Trade unions are accepting crumbs from the master’s table

Dear Editor,

The recognized trade unions in public institutions such as the University of Guyana, the Public Service, and the Teaching Service seem to be accepting the crumbs falling from the masters’ table. This has been their experience for several years. They are not acting and working in the fair and just interest of their members as they are obligated and required to do under the Trade Union Recognition Act. The unions in these public institutions should negotiate to finality and if necessary, resort to the arbitration process for finality. They are neglecting their core duty and mandate under the law and the unions’ constitutions. They are missing a golden opportunity to base their negotiations on the realistic remuneration levels set by the 2015 incoming APNU+AFC government. This must be the trade unions’ reference point in their negotiating encounters with the public employers.

The nation noted that within weeks after assuming office in May 2015, the APNU+AFC government set an admirable example in recognizing the inadequate remuneration for political public servants and awarded some 50% salary increases and enhanced allowances to ministers and others in the government and members of the National Assembly. It seems as if it is self-first or self-interest by the governing authorities, as these increases were not negotiated by the trade unions for their members or conceded by government on a comparative and fair basis, taking into account the  remuneration relationship between the political public servants and civil public servants.

The trade union leaders appear to be in deep slumber, since they are more obedient to politicians than their sacred duty to represent the collective and individual interests of their members. The reference points for remuneration at the University of Guyana must relate to the remuneration of the Vice Chancellor, and his ‘cabinet’ at the university, and the Bertrand College for public servants.

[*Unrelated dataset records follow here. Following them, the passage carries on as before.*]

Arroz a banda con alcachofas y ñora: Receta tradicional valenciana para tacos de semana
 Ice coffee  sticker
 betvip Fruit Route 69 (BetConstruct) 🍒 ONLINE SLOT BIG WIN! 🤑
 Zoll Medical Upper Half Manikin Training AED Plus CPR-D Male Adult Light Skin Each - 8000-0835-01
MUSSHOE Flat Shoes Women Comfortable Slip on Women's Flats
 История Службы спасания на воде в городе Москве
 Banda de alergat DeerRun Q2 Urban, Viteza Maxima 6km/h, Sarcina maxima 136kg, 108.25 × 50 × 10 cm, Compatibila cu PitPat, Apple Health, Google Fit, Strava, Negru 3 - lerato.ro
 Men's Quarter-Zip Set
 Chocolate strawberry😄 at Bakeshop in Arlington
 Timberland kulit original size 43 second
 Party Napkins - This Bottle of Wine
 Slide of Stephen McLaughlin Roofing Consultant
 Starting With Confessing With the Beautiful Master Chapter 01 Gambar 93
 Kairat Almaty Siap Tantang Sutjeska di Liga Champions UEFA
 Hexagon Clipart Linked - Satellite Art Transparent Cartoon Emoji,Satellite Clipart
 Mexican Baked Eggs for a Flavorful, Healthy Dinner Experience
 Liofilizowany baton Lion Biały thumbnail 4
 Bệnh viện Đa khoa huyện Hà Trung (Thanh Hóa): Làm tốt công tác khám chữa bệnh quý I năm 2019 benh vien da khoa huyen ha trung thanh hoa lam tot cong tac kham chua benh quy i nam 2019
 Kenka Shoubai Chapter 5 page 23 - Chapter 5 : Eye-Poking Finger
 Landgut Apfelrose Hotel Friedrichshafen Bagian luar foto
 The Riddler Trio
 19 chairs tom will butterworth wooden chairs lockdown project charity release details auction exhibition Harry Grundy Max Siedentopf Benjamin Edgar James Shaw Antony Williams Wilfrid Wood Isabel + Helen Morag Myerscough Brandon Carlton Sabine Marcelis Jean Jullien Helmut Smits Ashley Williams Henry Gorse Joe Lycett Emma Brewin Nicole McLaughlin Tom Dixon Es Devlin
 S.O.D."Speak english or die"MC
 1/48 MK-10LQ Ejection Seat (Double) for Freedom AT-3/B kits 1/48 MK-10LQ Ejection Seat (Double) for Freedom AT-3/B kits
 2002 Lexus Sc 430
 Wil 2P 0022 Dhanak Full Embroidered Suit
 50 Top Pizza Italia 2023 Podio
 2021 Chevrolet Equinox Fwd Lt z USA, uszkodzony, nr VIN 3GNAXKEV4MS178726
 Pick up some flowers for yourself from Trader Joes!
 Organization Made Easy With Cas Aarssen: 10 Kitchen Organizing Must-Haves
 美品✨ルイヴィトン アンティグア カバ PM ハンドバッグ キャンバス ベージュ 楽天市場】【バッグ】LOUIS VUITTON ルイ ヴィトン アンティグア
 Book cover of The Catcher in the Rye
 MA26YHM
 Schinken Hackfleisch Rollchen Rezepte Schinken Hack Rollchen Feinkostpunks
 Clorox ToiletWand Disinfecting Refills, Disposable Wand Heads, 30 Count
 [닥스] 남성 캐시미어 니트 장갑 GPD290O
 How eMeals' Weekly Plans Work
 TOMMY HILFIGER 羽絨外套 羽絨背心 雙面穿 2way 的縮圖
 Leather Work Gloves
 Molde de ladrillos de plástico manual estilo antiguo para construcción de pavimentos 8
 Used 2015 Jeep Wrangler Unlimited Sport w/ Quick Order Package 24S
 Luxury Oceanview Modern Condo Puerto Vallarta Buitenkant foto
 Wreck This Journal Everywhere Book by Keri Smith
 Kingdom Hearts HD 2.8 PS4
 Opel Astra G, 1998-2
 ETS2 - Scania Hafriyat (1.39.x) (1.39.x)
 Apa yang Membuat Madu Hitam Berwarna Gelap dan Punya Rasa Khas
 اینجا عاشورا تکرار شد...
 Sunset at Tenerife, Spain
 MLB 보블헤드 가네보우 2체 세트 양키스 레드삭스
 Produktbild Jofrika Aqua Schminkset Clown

What is the level of production and productivity in these public service institutions? What is the profitability of these in dollars to the economy in comparison to GuySuCo in a fair and objective evaluation? Compare GuySuCo’s contribution to the national treasury in terms of foreign currency, contributions to the National Insurance Scheme (NIS), public infrastructure works, medical services, and the thousands in Demerara and Berbice and the communities around the sugar estates? How can the internationally declared statement to Heads of Government in Africa by President David Granger that people come first and not profits be interpreted in relation to the treatment of workers in the sugar industry? Why is the approach taken in the sugar industry to substantially reduce workers not taken in relation to the over-staffing in the public service, Georgetown municipality and other public agencies, and the unnecessary number of vice-presidents, ministers and political advisers? Is it the politics of race and power that continue to bedevil our country?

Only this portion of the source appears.